The Nasty Bits: Collected Varietal Cuts, Usable Trim, Scraps, and Bones
- Author: Anthony Bourdain
- Language: English
- Genre: Food/Travel
- Publisher: Bloomsbury USA
- Publication date: May 16, 2006
- Publication place: United States
- Pages: 288
- ISBN: 1-58234-451-5
- Preceded by: Anthony Bourdain's Les Halles Cookbook
- Followed by: No Reservations: Around the World on an Empty Stomach

= The Nasty Bits =

2006 book by Anthony Bourdain

The Nasty Bits: Collected Varietal Cuts, Usable Trim, Scraps, and Bones, is a largely nonfiction New York Times bestselling book by Anthony Bourdain, published in 2006. The book is a collection of 37 exotic, provocative, and humorous anecdotes and essays, many of them centered around food, followed by a 30-page fiction piece ("A Chef's Christmas"). The book concludes with an appendix of commentaries on the various pieces, including when and why they were written.

The essays range from descriptions of restaurant-kitchen life; to various rants about places, people, and things Bourdain objects to; to lively accounts of far-flung world travels and remote ethnic life and food; to accolades of the unsung Latinos who cook most fine-dining restaurant food in America; to glowing reports of cutting-edge chefs like Ferran Adrià; to details of Bourdain's obsessions and pursuits when he is not working; to opinions and anecdotes on various other subjects.

Bourdain organized the various essays and anecdotes into sections named for each of the five traditional flavors:
- Salty
- Sweet
- Sour
- Bitter
- Umami

The book is, according to Bourdain, basically a collection of the best of his magazine and newspaper writings during the previous few years. As he says in the preface:

I've done a lot of writing for magazines and newspapers in the last few years, and it's the better morsels (I hope) from that work that follow. ... I've been writing this stuff for much the same reason behind my frenetic traveling: Because I can. Because there's so little time. Because there's been so much to see and remember. ....

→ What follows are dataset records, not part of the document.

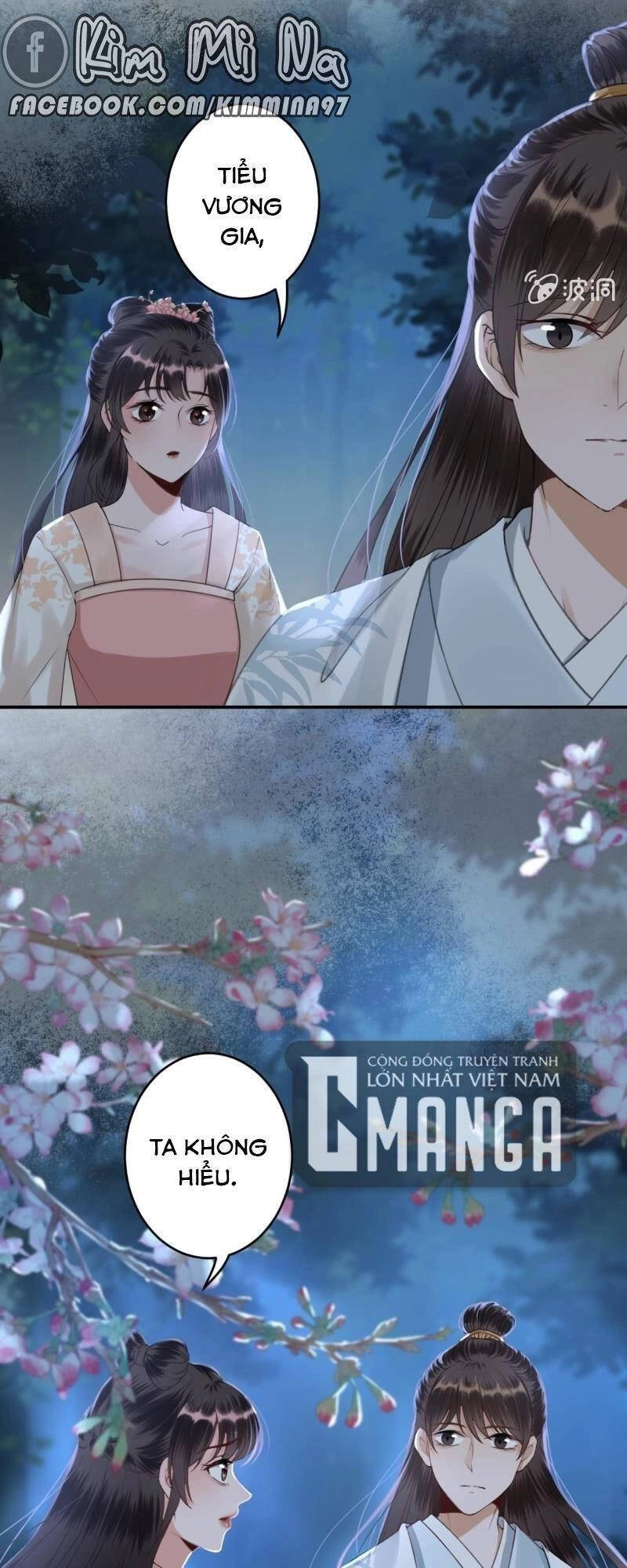 Vương Gia Kiêu Ngạo Quá Khó Cua Chapter 123 - 5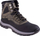 Këpucë trekking Hi-Tec Blazi Mid M, që s’i zë uji, me shollë TPR, me ngjyrë të zezë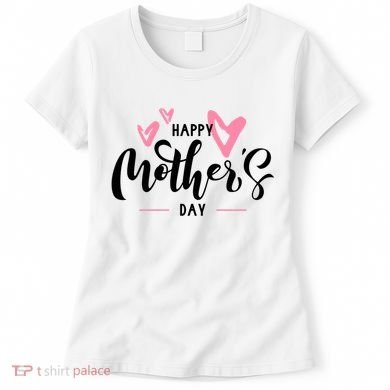 Happy Mothers Day Cute Women's T-Shirt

It's an irritating reality that many places and events defy description. Angkor Wat and Machu Picchu, for instance, seem to demand silence, like a love affair you can never talk about. For a while after, you fumble for words, trying vainly to assemble a private narrative, an explanation, a comfortable way to frame where you've been and what's happened. In the end, you're just happy you were there—with your eyes open—and lived to see it.